An old boss once commented:
“75% of marketing is just being in the right place at the right time.”
You can quibble with the percentage, but, overall, she had a point. For more companies than not, marketing success is rarely about convincing a given individual, on a given day, to buy what it is you’re selling. Rather, it’s a question of being the company that the buyer finds, or thinks of first, when the relevant need occurs.
In 25+ years of running a marketing agency, I have rarely gained a client who wasn’t already thinking at some level about hiring an agency or seeking outside marketing assistance. I am not convincing people that they need to hire an agency. I just try my darndest to make sure that we’re the agency people contact when they’re ready to do so.
Now, partly that’s because people know that marketing agencies exist, and what agencies do, and thus recognize the need when they see it. You might be thinking: “Sure, but we’re marketing a technology solution that few people know exists, or even that they have the problem in the first place.” And yes, in those cases, educating the market is a critical first step in order to generate the need.
But even then, I would argue, marketing – and demand generation in particular – isn’t wholly about convincing the buyer that they have the need you can solve, and that they need to solve it today. Buying, after all, is a journey: awareness, consideration, selection, and so on.
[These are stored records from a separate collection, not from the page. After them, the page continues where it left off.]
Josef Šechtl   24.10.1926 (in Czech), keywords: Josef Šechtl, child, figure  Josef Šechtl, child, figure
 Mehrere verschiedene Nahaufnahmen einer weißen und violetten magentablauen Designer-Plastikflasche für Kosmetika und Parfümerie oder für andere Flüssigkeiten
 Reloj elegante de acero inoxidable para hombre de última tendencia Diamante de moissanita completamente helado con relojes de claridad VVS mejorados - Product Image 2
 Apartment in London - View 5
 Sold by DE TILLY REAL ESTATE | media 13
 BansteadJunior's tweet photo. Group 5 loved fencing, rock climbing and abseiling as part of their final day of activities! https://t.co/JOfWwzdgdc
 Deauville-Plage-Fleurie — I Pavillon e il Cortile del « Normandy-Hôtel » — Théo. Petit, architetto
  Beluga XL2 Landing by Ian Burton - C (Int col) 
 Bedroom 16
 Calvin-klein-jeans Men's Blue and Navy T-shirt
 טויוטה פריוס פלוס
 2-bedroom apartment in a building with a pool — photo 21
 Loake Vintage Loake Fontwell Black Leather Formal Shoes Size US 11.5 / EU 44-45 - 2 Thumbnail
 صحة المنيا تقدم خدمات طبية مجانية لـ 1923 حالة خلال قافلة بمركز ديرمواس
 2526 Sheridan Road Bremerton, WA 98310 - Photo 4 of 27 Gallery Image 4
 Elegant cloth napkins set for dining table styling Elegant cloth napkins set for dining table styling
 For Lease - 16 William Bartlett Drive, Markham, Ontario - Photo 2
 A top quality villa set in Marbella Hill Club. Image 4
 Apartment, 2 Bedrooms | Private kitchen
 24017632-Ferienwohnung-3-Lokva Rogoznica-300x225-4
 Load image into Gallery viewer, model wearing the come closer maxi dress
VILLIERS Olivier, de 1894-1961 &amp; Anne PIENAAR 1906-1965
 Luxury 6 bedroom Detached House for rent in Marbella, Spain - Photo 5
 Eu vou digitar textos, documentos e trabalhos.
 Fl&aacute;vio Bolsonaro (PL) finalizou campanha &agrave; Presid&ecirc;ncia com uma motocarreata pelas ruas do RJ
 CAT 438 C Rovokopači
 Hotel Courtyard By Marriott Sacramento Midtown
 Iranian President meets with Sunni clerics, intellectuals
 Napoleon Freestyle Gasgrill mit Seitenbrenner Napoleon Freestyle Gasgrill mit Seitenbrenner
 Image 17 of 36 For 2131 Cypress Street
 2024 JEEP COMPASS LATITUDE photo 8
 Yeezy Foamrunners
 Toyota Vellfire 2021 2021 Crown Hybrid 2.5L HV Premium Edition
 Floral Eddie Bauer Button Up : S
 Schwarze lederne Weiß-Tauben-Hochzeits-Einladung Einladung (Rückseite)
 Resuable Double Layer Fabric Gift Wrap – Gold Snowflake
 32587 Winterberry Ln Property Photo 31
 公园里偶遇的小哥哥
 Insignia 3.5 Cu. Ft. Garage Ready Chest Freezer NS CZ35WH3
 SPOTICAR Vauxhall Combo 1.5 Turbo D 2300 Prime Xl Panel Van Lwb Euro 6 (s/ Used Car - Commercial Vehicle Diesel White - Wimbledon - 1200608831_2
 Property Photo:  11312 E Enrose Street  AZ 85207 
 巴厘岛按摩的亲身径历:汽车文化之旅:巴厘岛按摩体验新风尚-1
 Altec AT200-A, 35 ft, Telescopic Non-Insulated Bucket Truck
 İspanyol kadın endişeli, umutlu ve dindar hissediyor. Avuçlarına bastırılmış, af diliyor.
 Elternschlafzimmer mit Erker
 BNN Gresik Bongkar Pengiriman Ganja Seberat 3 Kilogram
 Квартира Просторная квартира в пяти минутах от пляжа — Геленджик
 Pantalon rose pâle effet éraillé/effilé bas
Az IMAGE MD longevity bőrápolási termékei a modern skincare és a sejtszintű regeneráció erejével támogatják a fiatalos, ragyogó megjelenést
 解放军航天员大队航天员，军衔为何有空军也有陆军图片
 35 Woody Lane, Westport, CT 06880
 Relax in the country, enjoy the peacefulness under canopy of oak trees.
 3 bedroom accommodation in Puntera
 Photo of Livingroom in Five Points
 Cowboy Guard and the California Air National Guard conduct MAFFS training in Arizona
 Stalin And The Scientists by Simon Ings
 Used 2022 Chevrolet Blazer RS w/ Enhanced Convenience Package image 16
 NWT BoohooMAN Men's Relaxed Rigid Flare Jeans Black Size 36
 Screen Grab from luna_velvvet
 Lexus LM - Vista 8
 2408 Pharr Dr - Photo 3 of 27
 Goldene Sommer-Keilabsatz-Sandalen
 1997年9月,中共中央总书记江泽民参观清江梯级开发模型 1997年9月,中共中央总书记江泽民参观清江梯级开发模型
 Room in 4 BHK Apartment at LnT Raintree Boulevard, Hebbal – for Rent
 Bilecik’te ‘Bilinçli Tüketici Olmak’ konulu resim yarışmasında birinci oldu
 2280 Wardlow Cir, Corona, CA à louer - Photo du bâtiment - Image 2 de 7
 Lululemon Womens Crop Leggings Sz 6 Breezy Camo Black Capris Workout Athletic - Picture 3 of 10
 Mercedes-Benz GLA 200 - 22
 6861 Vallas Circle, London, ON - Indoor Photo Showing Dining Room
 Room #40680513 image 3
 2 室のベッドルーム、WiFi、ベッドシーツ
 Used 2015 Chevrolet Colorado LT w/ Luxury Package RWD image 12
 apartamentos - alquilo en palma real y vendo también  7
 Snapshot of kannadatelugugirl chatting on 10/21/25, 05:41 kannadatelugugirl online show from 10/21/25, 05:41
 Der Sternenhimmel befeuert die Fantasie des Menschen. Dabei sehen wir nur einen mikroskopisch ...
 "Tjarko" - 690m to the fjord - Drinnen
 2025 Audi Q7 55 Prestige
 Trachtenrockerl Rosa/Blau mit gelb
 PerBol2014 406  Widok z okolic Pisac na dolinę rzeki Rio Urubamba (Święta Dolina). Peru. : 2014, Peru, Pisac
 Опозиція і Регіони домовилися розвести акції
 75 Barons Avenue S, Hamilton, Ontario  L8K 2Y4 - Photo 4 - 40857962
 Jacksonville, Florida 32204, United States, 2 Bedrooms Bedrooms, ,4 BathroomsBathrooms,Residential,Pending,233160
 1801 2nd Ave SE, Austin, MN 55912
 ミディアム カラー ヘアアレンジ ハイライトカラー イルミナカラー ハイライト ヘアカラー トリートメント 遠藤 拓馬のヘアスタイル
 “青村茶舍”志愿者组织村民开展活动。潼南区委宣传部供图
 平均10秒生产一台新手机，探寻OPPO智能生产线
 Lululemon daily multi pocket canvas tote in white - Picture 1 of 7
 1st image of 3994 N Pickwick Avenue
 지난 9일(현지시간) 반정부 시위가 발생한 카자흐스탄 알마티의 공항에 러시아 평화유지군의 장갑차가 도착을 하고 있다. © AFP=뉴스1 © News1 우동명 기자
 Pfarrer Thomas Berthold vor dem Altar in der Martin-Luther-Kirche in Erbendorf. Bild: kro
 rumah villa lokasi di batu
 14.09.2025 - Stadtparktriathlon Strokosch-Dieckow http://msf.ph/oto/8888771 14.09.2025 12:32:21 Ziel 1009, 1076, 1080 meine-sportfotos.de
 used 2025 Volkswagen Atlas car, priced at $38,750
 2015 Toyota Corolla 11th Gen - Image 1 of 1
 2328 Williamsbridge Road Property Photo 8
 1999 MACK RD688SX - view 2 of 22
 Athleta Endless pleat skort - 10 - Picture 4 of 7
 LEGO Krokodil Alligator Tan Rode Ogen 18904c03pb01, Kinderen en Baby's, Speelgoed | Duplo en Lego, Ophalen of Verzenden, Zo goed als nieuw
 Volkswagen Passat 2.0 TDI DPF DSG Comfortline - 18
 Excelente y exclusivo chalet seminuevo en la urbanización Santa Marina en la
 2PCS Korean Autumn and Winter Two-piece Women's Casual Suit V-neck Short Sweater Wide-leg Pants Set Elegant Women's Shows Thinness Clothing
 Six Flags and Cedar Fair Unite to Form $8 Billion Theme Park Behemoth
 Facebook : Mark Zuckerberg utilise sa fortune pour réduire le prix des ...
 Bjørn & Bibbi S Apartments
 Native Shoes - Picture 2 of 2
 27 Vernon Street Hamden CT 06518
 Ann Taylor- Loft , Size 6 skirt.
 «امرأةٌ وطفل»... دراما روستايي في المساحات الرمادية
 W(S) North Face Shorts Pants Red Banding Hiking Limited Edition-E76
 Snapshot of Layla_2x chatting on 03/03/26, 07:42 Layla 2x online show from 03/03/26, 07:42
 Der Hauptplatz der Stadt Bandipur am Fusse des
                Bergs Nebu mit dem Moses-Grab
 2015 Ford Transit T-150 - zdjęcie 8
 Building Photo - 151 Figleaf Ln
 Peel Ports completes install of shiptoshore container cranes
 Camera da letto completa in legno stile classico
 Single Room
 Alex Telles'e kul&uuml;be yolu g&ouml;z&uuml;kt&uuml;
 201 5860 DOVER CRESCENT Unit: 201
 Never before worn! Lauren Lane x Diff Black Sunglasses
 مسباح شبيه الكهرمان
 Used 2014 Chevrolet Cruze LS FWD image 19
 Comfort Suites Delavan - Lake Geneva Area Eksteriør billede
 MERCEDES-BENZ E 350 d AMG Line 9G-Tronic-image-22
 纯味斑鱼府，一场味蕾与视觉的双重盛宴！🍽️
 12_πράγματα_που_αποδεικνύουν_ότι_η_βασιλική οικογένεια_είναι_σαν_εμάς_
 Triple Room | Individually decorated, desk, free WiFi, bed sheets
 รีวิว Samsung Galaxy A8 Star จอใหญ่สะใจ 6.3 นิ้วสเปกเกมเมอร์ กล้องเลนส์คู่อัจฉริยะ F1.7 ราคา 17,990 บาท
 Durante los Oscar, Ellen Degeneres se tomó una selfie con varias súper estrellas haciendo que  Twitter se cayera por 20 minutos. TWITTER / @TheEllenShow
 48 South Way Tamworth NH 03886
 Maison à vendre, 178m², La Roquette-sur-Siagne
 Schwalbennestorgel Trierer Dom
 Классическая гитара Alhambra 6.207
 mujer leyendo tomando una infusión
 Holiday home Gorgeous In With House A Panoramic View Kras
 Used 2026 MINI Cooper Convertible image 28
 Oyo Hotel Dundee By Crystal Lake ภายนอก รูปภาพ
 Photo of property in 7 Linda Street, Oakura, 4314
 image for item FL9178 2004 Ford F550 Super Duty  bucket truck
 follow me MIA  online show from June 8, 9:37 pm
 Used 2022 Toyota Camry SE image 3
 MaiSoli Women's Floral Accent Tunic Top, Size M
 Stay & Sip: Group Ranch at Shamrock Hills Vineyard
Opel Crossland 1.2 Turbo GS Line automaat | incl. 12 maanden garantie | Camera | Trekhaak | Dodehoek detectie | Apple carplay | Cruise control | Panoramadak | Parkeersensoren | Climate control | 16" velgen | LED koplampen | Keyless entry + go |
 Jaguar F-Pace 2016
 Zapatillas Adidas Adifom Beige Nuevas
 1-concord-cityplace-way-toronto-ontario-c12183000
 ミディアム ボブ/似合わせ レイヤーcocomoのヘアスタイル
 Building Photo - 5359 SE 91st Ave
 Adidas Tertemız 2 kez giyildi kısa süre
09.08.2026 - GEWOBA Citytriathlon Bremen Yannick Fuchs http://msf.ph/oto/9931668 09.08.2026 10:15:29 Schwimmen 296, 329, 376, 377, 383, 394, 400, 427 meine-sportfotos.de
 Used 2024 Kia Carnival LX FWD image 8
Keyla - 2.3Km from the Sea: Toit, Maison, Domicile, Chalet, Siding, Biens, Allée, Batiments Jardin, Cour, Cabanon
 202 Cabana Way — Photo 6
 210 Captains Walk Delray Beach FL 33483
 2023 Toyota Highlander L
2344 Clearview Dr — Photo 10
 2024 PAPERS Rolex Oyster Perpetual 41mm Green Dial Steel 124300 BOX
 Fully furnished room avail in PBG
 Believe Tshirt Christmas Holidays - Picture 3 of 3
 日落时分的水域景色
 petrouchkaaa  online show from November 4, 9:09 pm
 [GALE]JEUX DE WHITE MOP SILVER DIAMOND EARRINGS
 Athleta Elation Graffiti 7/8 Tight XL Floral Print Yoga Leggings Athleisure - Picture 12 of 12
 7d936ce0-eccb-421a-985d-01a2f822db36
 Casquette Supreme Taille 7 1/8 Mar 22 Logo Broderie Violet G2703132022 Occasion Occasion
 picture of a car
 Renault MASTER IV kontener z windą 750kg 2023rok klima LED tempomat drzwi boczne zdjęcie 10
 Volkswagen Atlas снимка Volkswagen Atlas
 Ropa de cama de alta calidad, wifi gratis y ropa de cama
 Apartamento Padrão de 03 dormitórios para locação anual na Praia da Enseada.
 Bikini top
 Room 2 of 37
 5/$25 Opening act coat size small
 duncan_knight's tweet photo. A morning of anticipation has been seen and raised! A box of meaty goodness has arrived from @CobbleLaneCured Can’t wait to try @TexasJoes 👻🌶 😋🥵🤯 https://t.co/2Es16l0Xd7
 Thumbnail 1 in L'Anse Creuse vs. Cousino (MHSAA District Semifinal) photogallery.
The buyer is the one who determines the pace and timing of that progression, with all its detours. You just need to put your company in a place, and at a time, that coincides with the buyer looking for a solution provider.
It can be tempting, as marketers working in a world of intent data and ABM and AI, to buy into the hype that any short cuts are possible, that sales cycles are made to be compressed, and that sales-ready leads can be created on demand. Yes, marketing is more efficient and data-driven than ever, but, even then, for most companies, it’s still fundamentally a game of building and maintaining relationships, awareness, and credibility. And being the company that buyers contact when they have a need, whenever that might be.
What does that translate to, tactically speaking? A few suggestions:
* Reaching and engaging with prospective customers at every stage of the buying journey
* Creating content that appeals to those different stages (and not just active buyers)
* Building trust and credibility through ongoing thought leadership
* Constantly reminding prospects and customers alike of what you do and when to call
* Running “always on” campaigns (social media, SEM, display) that make your company findable
More often than we marketers care to admit, successful marketing is an accident of timing. Buyers decide when they have the need and when they’re ready to act. You just need to be there when they need it.